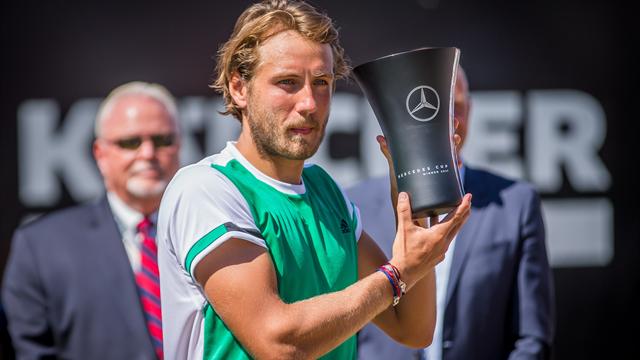 Pouille a eu les nerfs solides contre Lopez : Les temps forts de sa victoire en finale Pouille a eu les nerfs solides contre Lopez : Les temps forts de sa victoire en finale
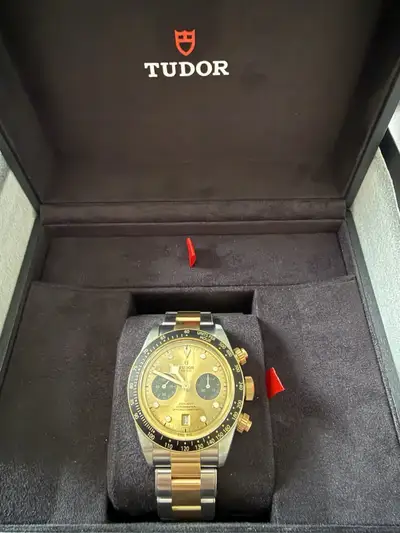 Tudor Black Bay S&G Chronograph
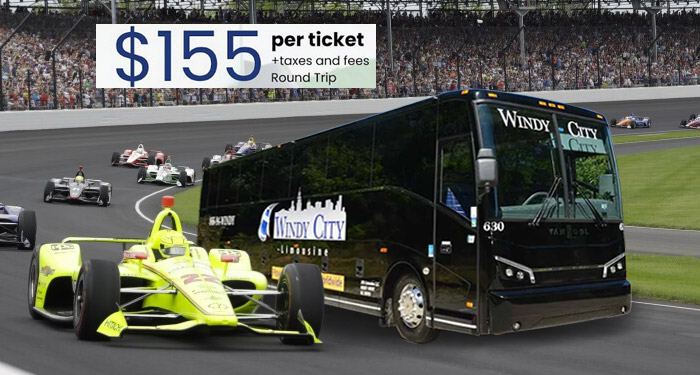 Catch a Ride to the Indy 500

# [TASK DETAILS]
Once the pictures are set aside, retype the rest of the listing exactly.

# [YOUR SOLUTION]
 Pouille a eu les nerfs solides contre Lopez : Les temps forts de sa victoire en finale Pouille a eu les nerfs solides contre Lopez : Les temps forts de sa victoire en finale
 Tudor Black Bay S&G Chronograph
 Catch a Ride to the Indy 500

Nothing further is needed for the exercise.